The system computes a global virtual time based on a packet virtual time of a packet being dequeued from the queue structure by the scheduler (operation 706). The system measures a rate at which the global virtual time progresses based on the virtual packet time of packets dequeued by the scheduler from the queue structure (operation 708). For example, as described above in relation to FIG. 3, the system can read the packet virtual time of a packet (358), update global virtual time 360, and forward packet 306. Global virtual time 360 can be used to measure the rate of progress of the virtual times of packets processed or dequeued by the scheduler (e.g., 362), and the “fair rate” of the queues may be inferred from the measured rate (e.g., 363) s.
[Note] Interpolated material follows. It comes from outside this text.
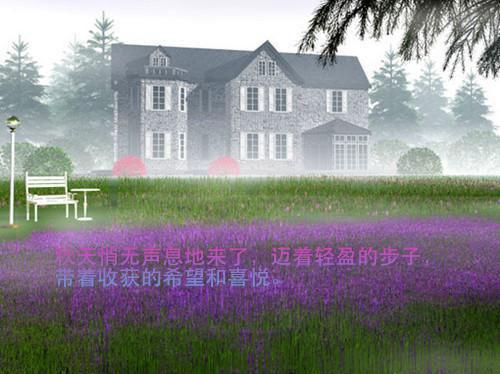 2023发展壮大村级集体经济工作报告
The system manages congestion in a respective sub-queue based on the rate at which the global virtual time progresses, a metric of the respective sub-queue, and an amount of a resource for the queue structure (operation 710). For example, as described above in FIG. 3, decision 350 can be performed based on scaled metric 396 and amount of resource 354, where scaled metric 396 is obtained by applying fair share ratio 363 to sub-queue metric 394, and fair share ratio 363 is based on the aggregate rate (359) and the measured virtual time rate (362). The result of decision 350 can manage congestion by determining whether to drop or modify a packet (352) prior to computing the packet virtual time (356 via 376), or whether to directly enqueue the packet by computing the packet virtual time (356 via 378), i.e., without modifying the packet. Decisions 450/550/650 and operations 452/552/652 of, respectively, FIGS. 4-6 can provide other examples of managing congestion based on the rate at which the global virtual time progresses, a metric of the respective sub-queue, and an amount of a resource for the queue structure. The operation returns.
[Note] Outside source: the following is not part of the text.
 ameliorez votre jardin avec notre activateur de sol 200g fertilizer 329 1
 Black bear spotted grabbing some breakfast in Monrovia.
FIG. 8 illustrates a computer system 800 which facilitates managing queues based on a virtual time rate, in accordance with an aspect of the present application. Computer system 800 includes at least one processing resource (e.g., a processor 802), a memory 804, and at least one non-transitory machine-readable storage medium or storage device (e.g., a storage device 806). Memory 804 can include a volatile memory (e.g., RAM) that serves as a managed memory, and can be used to store one or more memory pools. Furthermore, computer system 800 can be coupled to peripheral input/output (I/O) user devices 810 (e.g., a display device 811, a keyboard 812, and a pointing device 813). Storage device 806 can be a non-transitory machine-readable storage device comprising instructions executable by processor 802 to perform and for performing the operations described herein. Storage device 806 can store an operating system 816, a content-processing system 820, and data 836.


Content-processing system 820 can include instructions 822-830 executable by processor 802 to perform methods and/or processes described in this disclosure. Specifically, content-processing system 820 may include instructions for sending and/or receiving data to/from other modules/units/components within computer system 800 or to/from other network nodes across a computer network (not shown).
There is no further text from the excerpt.